Kotor Körfezi'ndeki 8 yer
Karadağ bugünlerde her zamankinden daha cazip. Sebebi; billur gibi Adriyatik kıyıları, muhteşem manzaralar ve bir de Schengen vizesi istememesi.
Masalsı Ortaçağ şehirleri, billur gibi Adriyatik kıyıları, dağlarla denizin buluştuğu muhteşem manzaralar, eh bir de Schengen vizesi istememesi. Bu saydıklarımız nedeniyle Karadağ bugünlerde her zamankinden daha cazip. İşte en popüler noktalarıyla Karadağ’ın gözdesi Kotor Körfezi…
Karadağ, malum, Türk vatandaşlarının Schengen vizesi zahmeti çekmeden Avrupa’da gidebilecekleri en kendine özgü ülkelerden biri. Avrupa Birliği’ne katılımı için müzakereler sürdüğünden ve süreç olumlu devam ettiğinden yakında birliğe üye olması bekleniyor. Bu da Türk pasaportuyla seyahat edeceklerin bir an önce bu ülkeyi ziyaret etmesi için doğal bir teşvik sayılıyor.
Peki Karadağ’a özellikle de bu yaz günlerinde gidenler ne görecek? Ortaçağ’dan kalma kaleler, tarihi dokusuyla kaleyi çevreleyen dolambaçlı sokaklarında taş evler, özgün mimarisiyle kilise ve müzeleri, billur gibi Adriyatik kıyıları, başınızı çevirdiğiniz her yanda dağ ve denizin muhteşem buluşması. Elbette Karadağ’da şehir ve dağ görmek; alışveriş ya da trekking yapmak isterseniz bu da mümkün.
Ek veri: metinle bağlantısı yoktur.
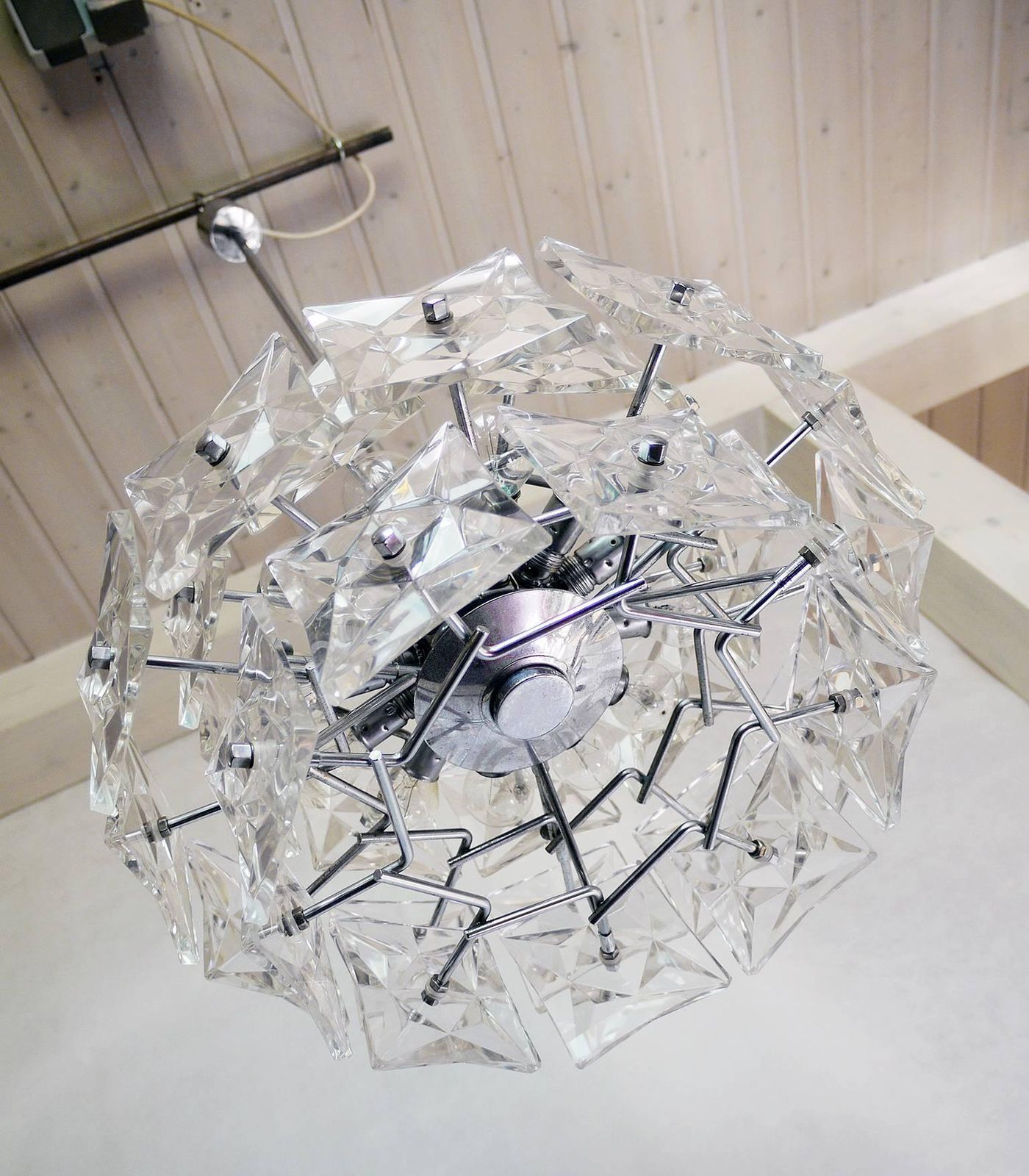 Design Chandelier Crystal & Chrome By Kinkeldey, Germany, 1960s photo vintage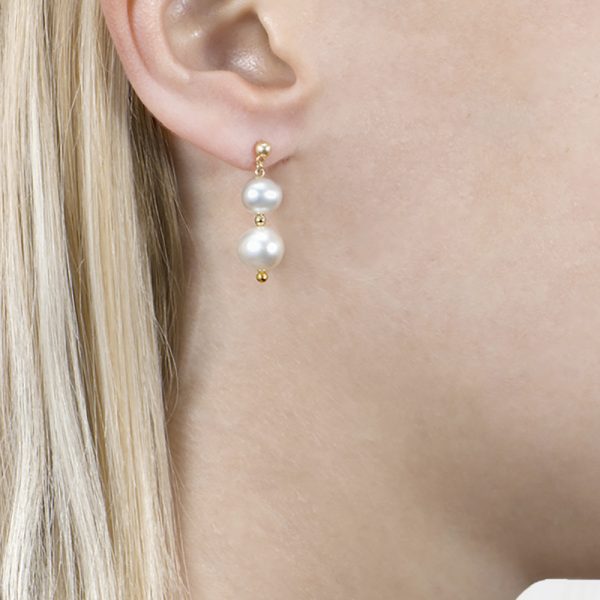 Yellow Gold Graduated Pearl Drop Earrings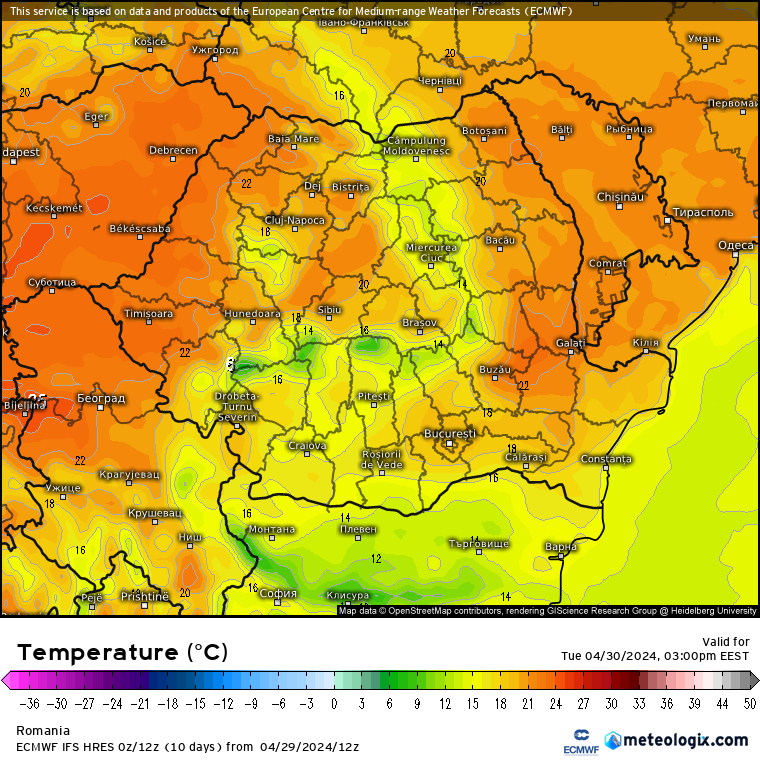 Temperaturi-astazi-25 Prognoza meteo România 30 Aprilie 2024 (Romania forecast)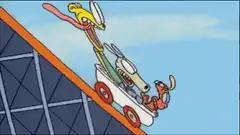 Courage, Cow, and Dog in a cart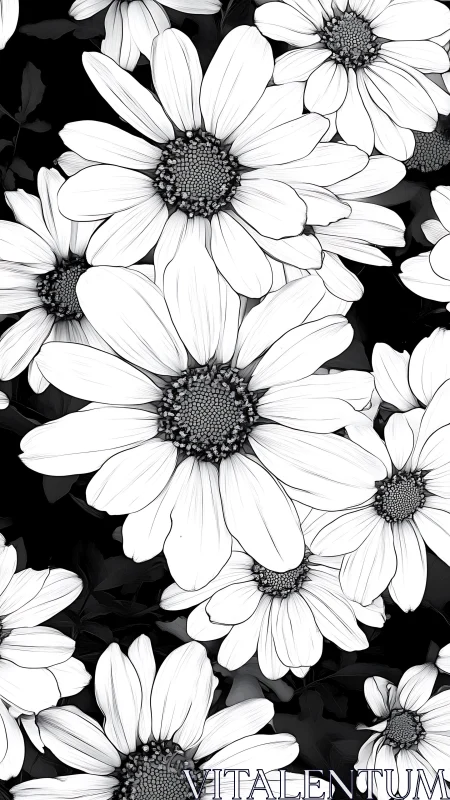 Black and White Daisy Composition with Radiating Petals.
Ancak bir yaz gezisi yapacağınızı varsayarak Kotor Körfezi (Boka Kotorska) etrafında neler yapabileceğinizden bahsedeceğiz bu yazıda.
UNESCO Dünya Kültür Mirası listesinde yer alan Kotor Körfezi’nin sadece Türkiye’den değil, dünyanın her yerinden turist akınına uğradığını, cruise’ların uğrak yeri olduğunu ve özellikle Temmuz ve Ağustos aylarında iğne atsanız yere düşmeyeceğini hatırlatalım. Ulaşım için Tivat ve Podgorica havaalanlarını düşüneceksiniz ama bilet fiyatları yüksekse, komşusu Arnavutluk’un başkenti Tiran’a daha uygun bilet bulup araba kiralayarak ya da otobüsle yaklaşık 4 saatte geze geze de ulaşabilirsiniz körfeze.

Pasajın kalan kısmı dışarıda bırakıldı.